Lesley M.M. Blume is something of a cultural savant. As a journalist and author she’s covered all sorts of curiosities for publications ranging from Vanity Fair to Vogue, and her tastes take a very literal turn in her new book Let’s Bring Back: The Cocktail Edition, which she refers to as, “A compendium of impish, romantic, amusing and occasionally appalling potations from bygone eras.” Here she chats with us about the inspiration behind the book, some of the more interesting concoctions she stumbled across during her research, and a few newly discovered favorites.
Imbibe: What made you want to write a cocktail book?
Blume: I wrote a book called Let’s Bring Back in 2010, and it celebrated a huge array of things—personalities, words, fashions and a ton of culinary content. Some of the entries that I most enjoyed writing were about lost cocktails and cocktail culture. And it wasn’t just about the ingredients being mixed into something nice—there were these great social histories attached to so many of the drinks. So when we decided to extend the book into a series of topics, it seemed like it was a natural fit to do a book about vintage cocktails. It was a lot of fun to write and earned me a lot of hangovers, so I guess I took one for the team.
Imbibe: How did you go about digging up so many obscure recipes?
Blume: Lots and lots of time researching. The New York Public Library has a fantastic menu collection, and I live close to two food and beverage historical bookstores that allowed me to sit in their stores for hours and look through books that dated back a million years. At first I didn’t quite know how I was going to theme the book because it’s a very saturated genre, and I wanted to bring something fresh to the table, but I realized what really resonated with me was the insane humor behind a lot of the drinks, and began culling the ones that had the most personality. Though there was other criteria too—they had to be genuinely lost, so you’re not going to see a Martini, Ward Eight or a Sidecar. Basically I wanted drinks that were unfamiliar to the vast majority of readers but with a great back story.
Imbibe: Any challenges or surprises along the way?

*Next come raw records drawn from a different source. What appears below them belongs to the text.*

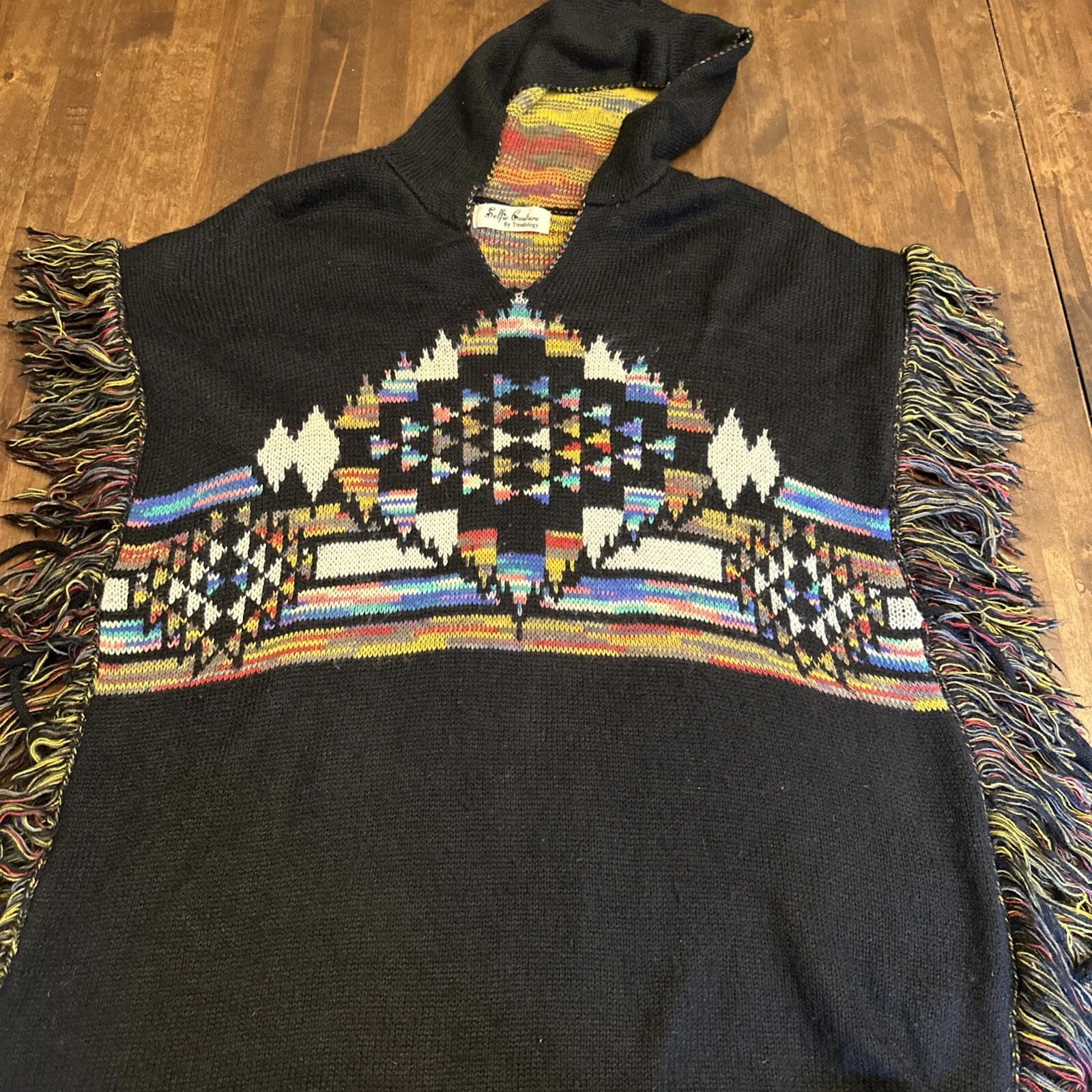 Poncho Sweater Aztec Fringe Hem Size OS Tribal Coachella West Native READ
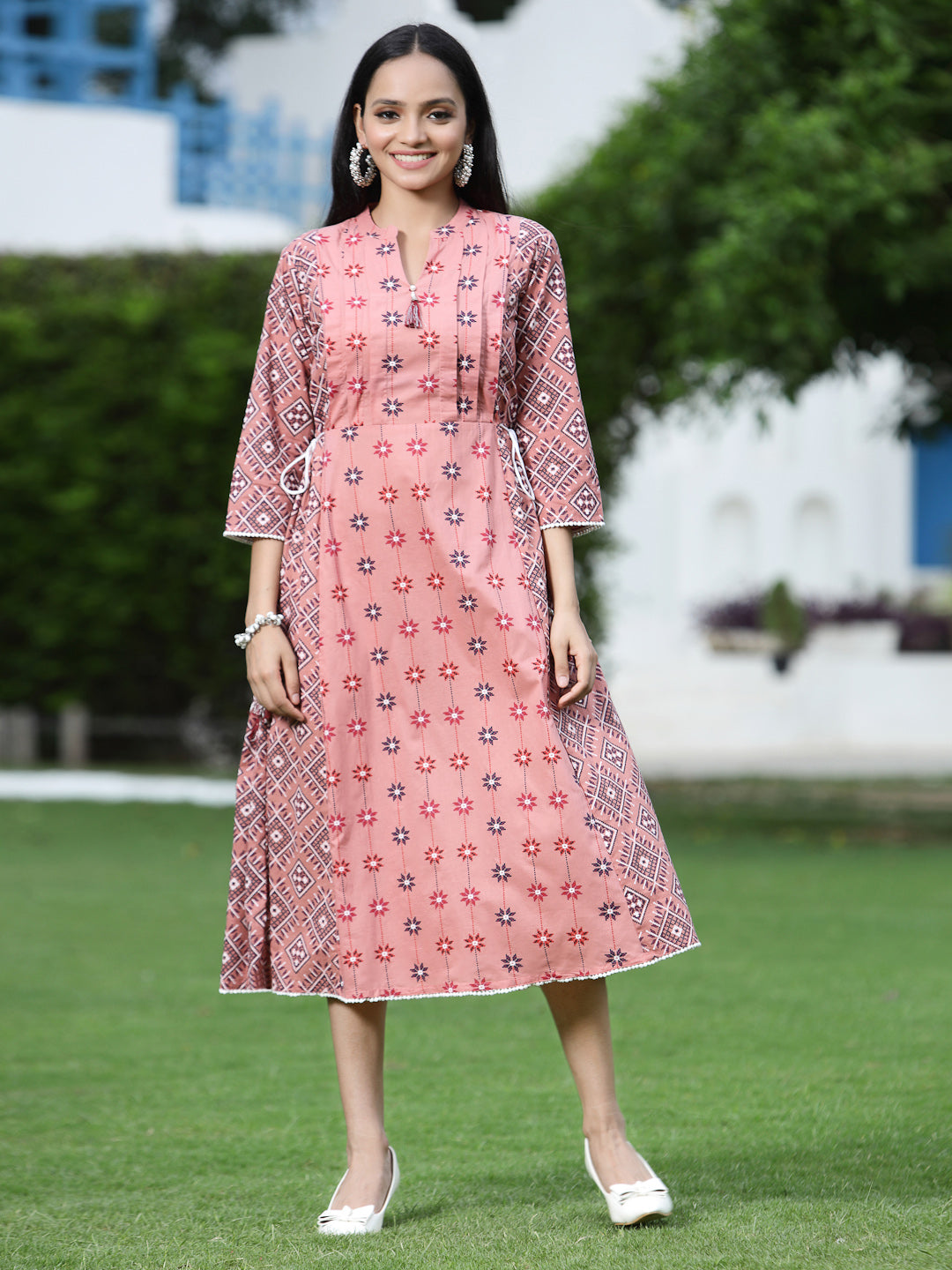 Women's Peach Cambric Mexican Print Pleated Yoke Kurta Kurta With Mask - Juniper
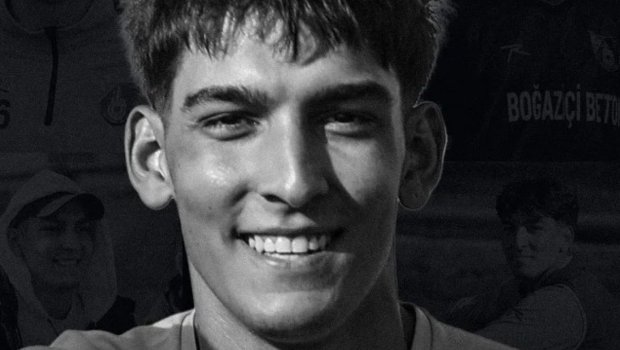 20 yaşlı futbolçu vəfat etdi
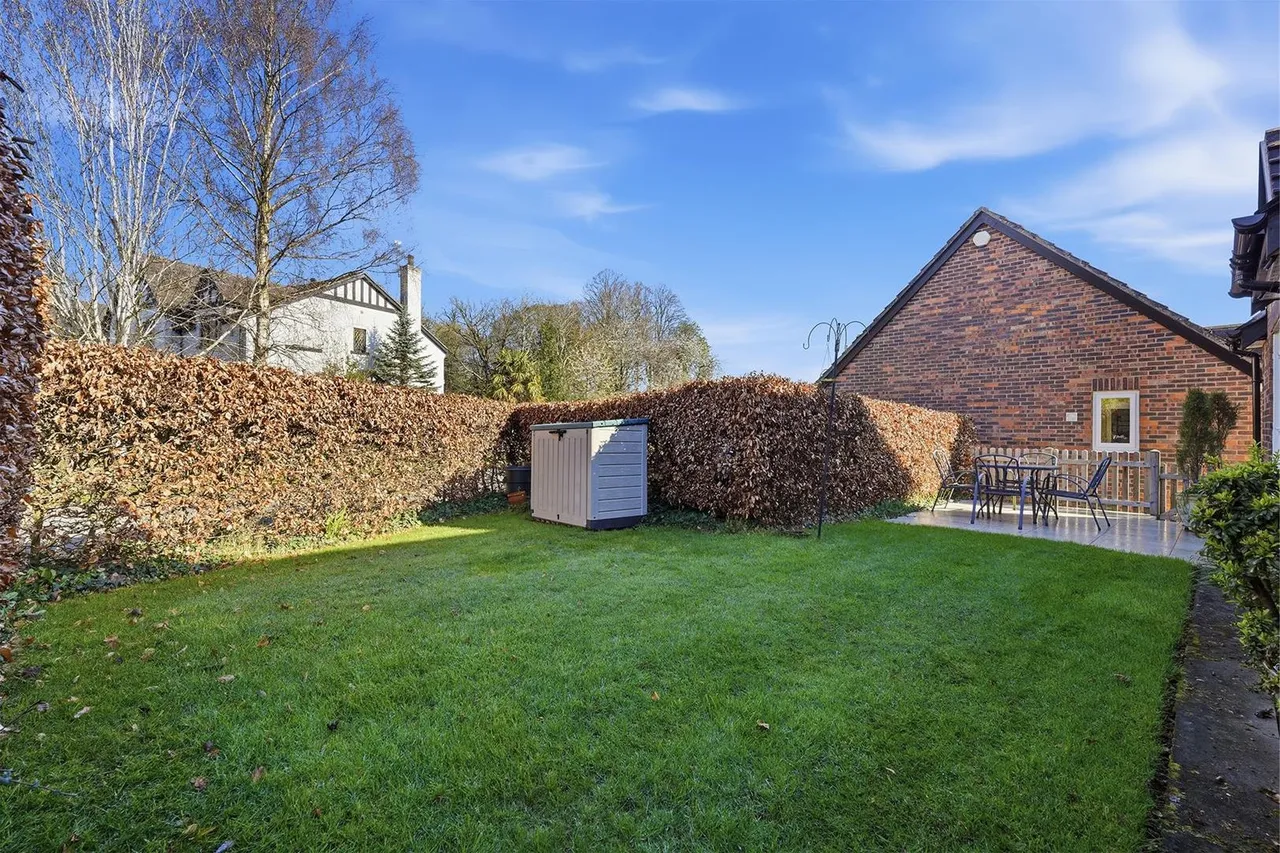 Shirleys Close, Prestbury, photo 5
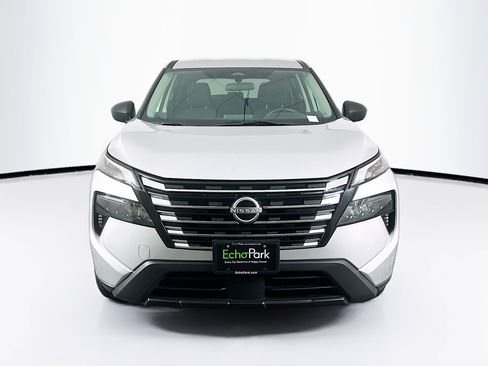 Used 2024 Nissan Rogue S FWD image 2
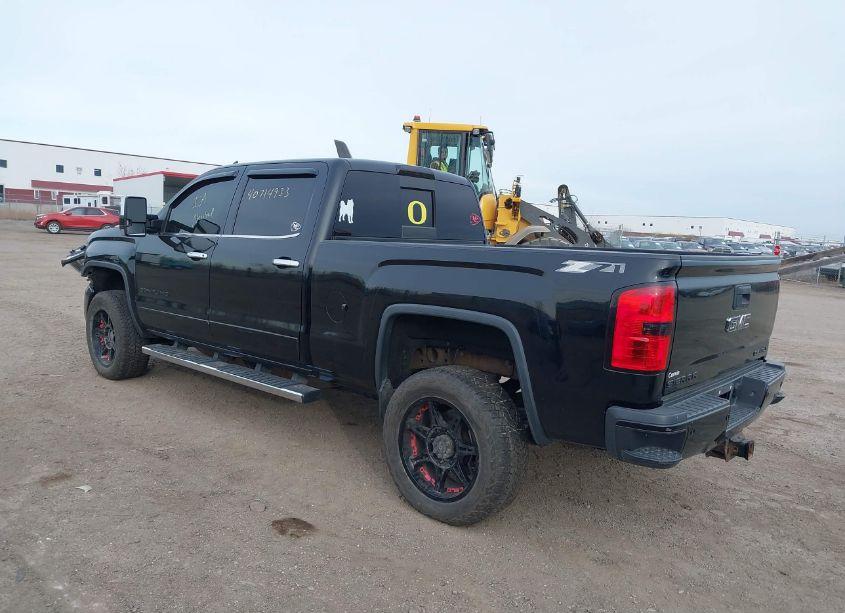 Photo 3 of 2015 Gmc Sierra 2500HD DENALI (VIN 1GT120E80FF597962)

Blume: First of all, I didn’t want to reprint anything that wasn’t palatable to modern tastes, though I actually did highlight one drink because it sounded so hilariously repulsive and far-fetched. And then I kept coming across recipes with beautiful names, ingredients and back stories, but with some sort of ingredient that just isn’t made anymore. There was this one recipe called Stars in Your Hair—which sounded so romantic and sweet, and I wanted more romantic recipes since I have so many naughty and mischievous entries in the book. It contains a liqueur called Forbidden Fruit, which isn’t made anymore, but I approached a couple of well-known bartenders in New York and asked if a modern bartender could re-create Forbidden Fruit. They looked into it and basically just said it couldn’t be done. At that point you just have to kind of give up, because I didn’t want to include something you couldn’t re-create. So there were little heartbreaks like that.
Imbibe: And what about that “hilariously repulsive” cocktail?
Blume: It’s called the Gingivitis and is made with grenadine, cream and gin. It was just such a totally repulsive notion that I couldn’t resist including it. But I ran across a lot of drinks with personality that nobody in their right mind would make today, and that you can’t believe somebody would have made back in the day.
Imbibe: Any new favorite recipes you discovered?
Blume: There were a few. The first one is called The Great Ziegfeld with just gin and pineapple juice. It’s really, really good and goes down way too quickly. It was created for the showman Florenz Ziegfeld, and the recipe was an oral history from his wife Billy Burke. And then another one that was pretty lovely is called the Fluffy Ruffle, which is basically a rum Martini. And then there’s this savory drink that’s great for autumn—it’s almost like a beef bouillon Bloody Mary called the Bull Shot, and you can serve it warm or cold.
Imbibe: What’s the one thing you hope readers take away from your book?
Blume: In recent years I feel like artisanal cocktail-making has gotten really self-serious, but drinking is supposed to be fun! One of the things we were trying to do with this book was to inject a little bit of the humor and mischievousness back into this aspect of drinking culture. And also I like the notion that cocktails are like a living, imbibeable passport to history. In creating the book, I got to revisit these pockets of social history, whether it was wars, romance, popular culture or old Hollywood, and have a sublime time giggling at the naughtiness and the temerity of some of these creations.